Someone Like
-Wha?
by Don
Larsson
A
demonstration that similar form and similar content do not guarantee
similar results: A couple of weeks ago in Newsweek, there was
a little sidebar comparing the superficial similarities of Bridget
Jones's Diary and Someone Like You. Each features young professional
women (Renee Zellweger / Ashley Judd) interested in finding a suitable
man; each woman gets involved with an attractive man who is also a jerk
(Hugh Grant / Greg Kinnear); each woman is hostile to another man who
seems to hold her in low esteeem (Colin Firth / Hugh Jackman) but is
really her suitable man; both women do voiceover narration from their
own writings (diary / book); both films feature couples embracing to
a Van Morrison tune.
There is one big difference between the two, though: Bridget Jones's
Diary is a very good movie, while Someone Like You (to be
blunt) sucks.
What
makes for the difference? It's not the freshness of the concept: SLY
was released first, while BJD steals a lot of its structure from
Jane Austen's Pride and Prejudice. It's not necessarily the acting.

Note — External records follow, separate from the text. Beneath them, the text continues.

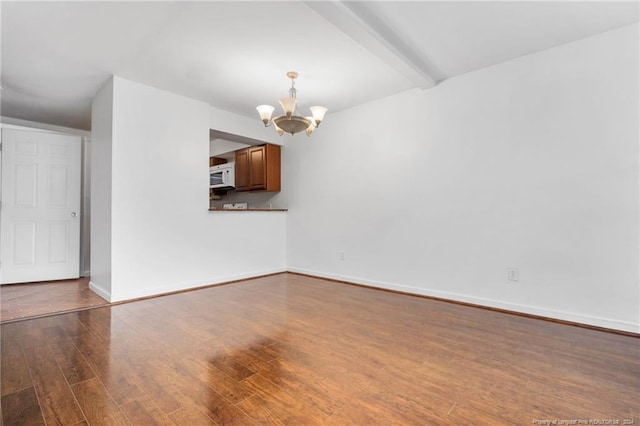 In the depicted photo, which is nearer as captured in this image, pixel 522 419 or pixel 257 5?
pixel 522 419

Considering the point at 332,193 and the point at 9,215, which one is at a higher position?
the point at 332,193

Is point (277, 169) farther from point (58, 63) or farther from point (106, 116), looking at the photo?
point (58, 63)

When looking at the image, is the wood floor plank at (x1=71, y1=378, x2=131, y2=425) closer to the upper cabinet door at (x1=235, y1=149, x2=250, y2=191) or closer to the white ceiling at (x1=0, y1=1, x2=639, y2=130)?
the white ceiling at (x1=0, y1=1, x2=639, y2=130)

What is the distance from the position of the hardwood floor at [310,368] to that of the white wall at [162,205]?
71 cm

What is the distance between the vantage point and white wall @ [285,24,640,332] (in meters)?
2.58

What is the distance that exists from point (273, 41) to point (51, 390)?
2.87 meters

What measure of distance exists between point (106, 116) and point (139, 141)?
454mm

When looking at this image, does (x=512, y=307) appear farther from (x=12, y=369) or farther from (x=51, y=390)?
(x=12, y=369)

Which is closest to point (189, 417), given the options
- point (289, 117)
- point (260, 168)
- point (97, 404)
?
point (97, 404)

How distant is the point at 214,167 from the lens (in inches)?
246

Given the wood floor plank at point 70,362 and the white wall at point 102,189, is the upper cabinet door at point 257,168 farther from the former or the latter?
the wood floor plank at point 70,362

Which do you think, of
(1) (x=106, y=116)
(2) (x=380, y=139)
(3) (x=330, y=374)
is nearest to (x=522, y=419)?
(3) (x=330, y=374)

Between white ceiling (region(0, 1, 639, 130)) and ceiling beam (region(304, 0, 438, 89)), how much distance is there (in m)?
0.01

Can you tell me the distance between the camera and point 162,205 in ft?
12.4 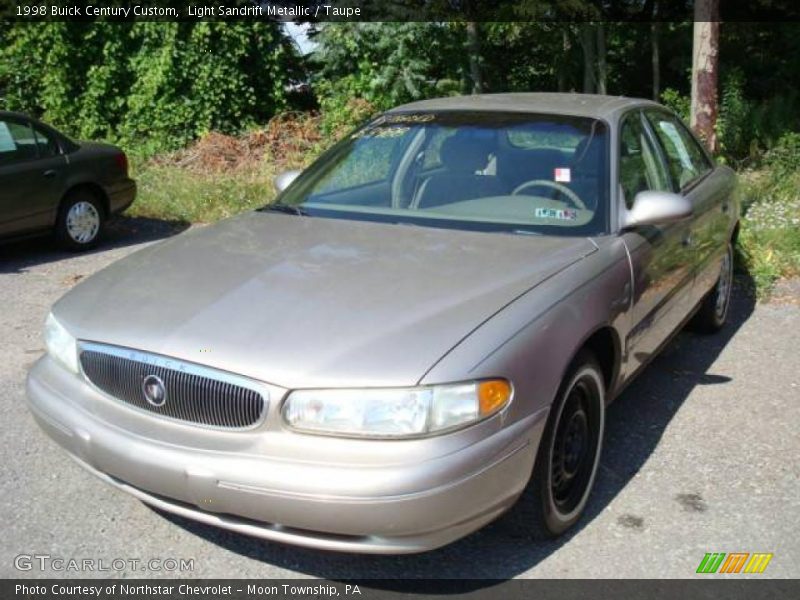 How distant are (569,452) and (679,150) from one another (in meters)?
2.34

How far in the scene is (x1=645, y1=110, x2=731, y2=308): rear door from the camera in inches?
179

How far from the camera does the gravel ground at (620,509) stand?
10.0 ft

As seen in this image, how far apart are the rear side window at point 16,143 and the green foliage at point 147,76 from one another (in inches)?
227

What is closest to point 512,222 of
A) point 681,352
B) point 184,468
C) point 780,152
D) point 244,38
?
point 184,468

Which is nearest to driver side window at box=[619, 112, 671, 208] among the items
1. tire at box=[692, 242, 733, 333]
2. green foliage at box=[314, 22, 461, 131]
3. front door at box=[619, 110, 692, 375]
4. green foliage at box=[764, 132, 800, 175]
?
front door at box=[619, 110, 692, 375]

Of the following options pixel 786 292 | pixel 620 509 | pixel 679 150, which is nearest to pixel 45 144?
pixel 679 150

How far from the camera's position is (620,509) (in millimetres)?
3447

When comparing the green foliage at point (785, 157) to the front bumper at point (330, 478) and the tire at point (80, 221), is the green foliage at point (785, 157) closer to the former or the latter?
the tire at point (80, 221)

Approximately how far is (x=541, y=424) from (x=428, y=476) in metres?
0.50

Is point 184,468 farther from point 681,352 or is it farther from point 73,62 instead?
point 73,62

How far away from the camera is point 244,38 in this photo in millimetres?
13852

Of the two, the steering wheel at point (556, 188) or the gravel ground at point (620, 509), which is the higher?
the steering wheel at point (556, 188)

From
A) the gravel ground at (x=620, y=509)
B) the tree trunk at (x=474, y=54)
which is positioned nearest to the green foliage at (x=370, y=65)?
the tree trunk at (x=474, y=54)

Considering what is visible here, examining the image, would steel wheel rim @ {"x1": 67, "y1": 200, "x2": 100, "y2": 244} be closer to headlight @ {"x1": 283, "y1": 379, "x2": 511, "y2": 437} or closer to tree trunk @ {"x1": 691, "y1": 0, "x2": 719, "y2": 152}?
tree trunk @ {"x1": 691, "y1": 0, "x2": 719, "y2": 152}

While the performances in BJD, are very good, there is potential
in the cast of SLY. Ashley Judd can have a sweet vulnerability
that is appealing even in a clunker like Where the Heart Is;
Greg Kinnear has proven his abilities in other films; and Hugh Jackman
does demonstrate some of the charisma he first brought to X-Men
last year.
Although SLY suffers in editing and pacing compared to BJD,
the real problem is in the writing. BJD is fresh and funny in
its dialogue, unafraid to toss in literary allusions, and to play off
the words with the images. SLY, on the other hand, is vapid in
dialogue and continually stupid in its attempts at humor and self-reference.
The characters mumble inanities about discovering who they really are
at this stage of their lives; worse, they take themselves seriously,
something that BJD would not do with such cliches.
The
motivations for the characters are similarly inexplicable: Kinnear's
character is either Afraid of Commitment or a Two-Timing Cad or a Self-Pitying
Latter-Day Adolscent or a Passive-Aggressive Misogynist. Mostly, he's
merely confused - but that is a result of how he is written, not of
his character. There is not even much motivation for Jackman's sudden
realization of his attraction to Judd (the trailers actually make it
seem more plausible than the movie itself). And where Bridget evokes
sympathy, Judd's character simply evokes sighs and rolling of the eyes.
Worst of all, Ellen Barkin is utterly wasted in a too-rare performance.
The
inanity and vapidity of dialogue are paralleled by the stupidity of
the main plot device - a book that Judd's character comes to write,
under a psuedonym, that tries to explain men's wandering ways, based
on what she calls the "One-Cow Theory." The premise is that a bull,
having had his way with a particular heifer, will avoid that cow altogether
afterward. This is supposed to be High Humor, studded (so to speak)
with direct addresses to the camera, cutaways to cattle breeders, and
so on. Of course, Judd sees the error of her overgeneralization, but
the whole thing falls as flat as a fresh cow pie, since there was no
humor or even substance to the overgeneralization in the first place.
BJD zips along, even in its slow scenes; SLY actually
has the power to stop time altogether; one emerges from the theater
months older than when one went in. While BJD is sharp, perceptive
and sure of where it is going, SLY seems to be standing in one
place, flailing its arms while looking for someplace - any place!- to
go. That impression is confirmed by the last song of the closing credits
- an utterly baffling and pointless cover of The Talking Heads' "Burning
Down the House" by Tom Jones! In the end, for all their similarities,
there is just one defining feature that explains the success of Bridget
Jones's Diary and the utter failure of Someone Like You:
sheer intelligence--or the lack thereof.